Description of Untitled (Sprout), 1963/2018

31/08/2023 1 min
Description of Untitled (Sprout), 1963/2018

Listen "Description of Untitled (Sprout), 1963/2018"

Episode Synopsis

Access a slow-looking exercise related to this work.

Transcript
Marilee Talkington: This installation of "Untitled (Sprout)" by artist Lee Seung-taek was originally created in 1963 and refabricated in 2018, since the original was destroyed. Six large, freestanding sculptures are arranged across the gallery. They vary in size and distance, grouped between one to several feet apart. Similar widths, between 1 1/2 to 2 feet in diameter, they range in height from the smallest, just over 3 1/2 feet tall, to several just around 5 feet tall, and the tallest just over 6 feet.

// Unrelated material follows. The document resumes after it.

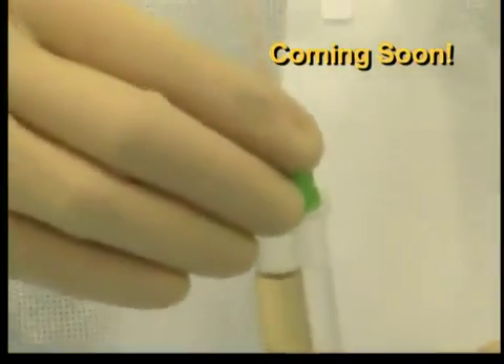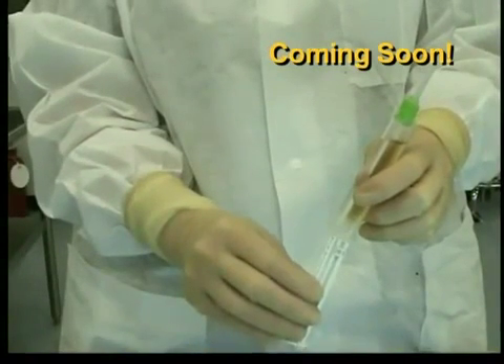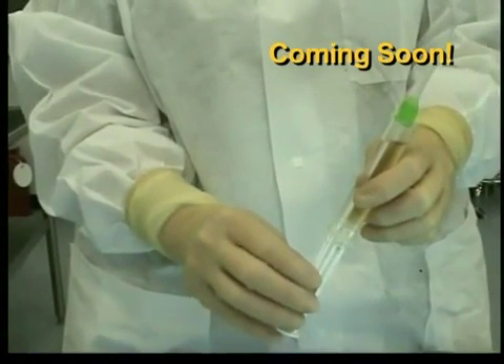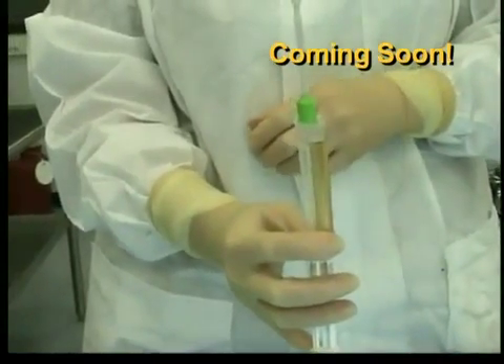Attach the spreader tip to the syringe and rotate the collar 90 degrees clockwise to lock the tip in place. While keeping the syringe upright, align the small and large barrels of the syringe with the corresponding syringe plunger heads and slide the plunger into the back of the syringe until resistance is felt.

Lee was inspired by "onggi", traditional Korean earthenware used as tableware or for storage or fermenting. These unconventional earthenware sculptures are all similarly colored, painted a dark black and lacquered for a shiny finish. They are similarly shaped, as well, with the top of each shaped like a large teardrop with streaks of bright orange swirling and blazing across the surface like the flame on a candle stick. The bottom of the teardrop is flat, and it slightly overhangs its narrower columnar base roughly half the height of the teardrop. The whole structure gives the impression of closed buds sprouting from their stems.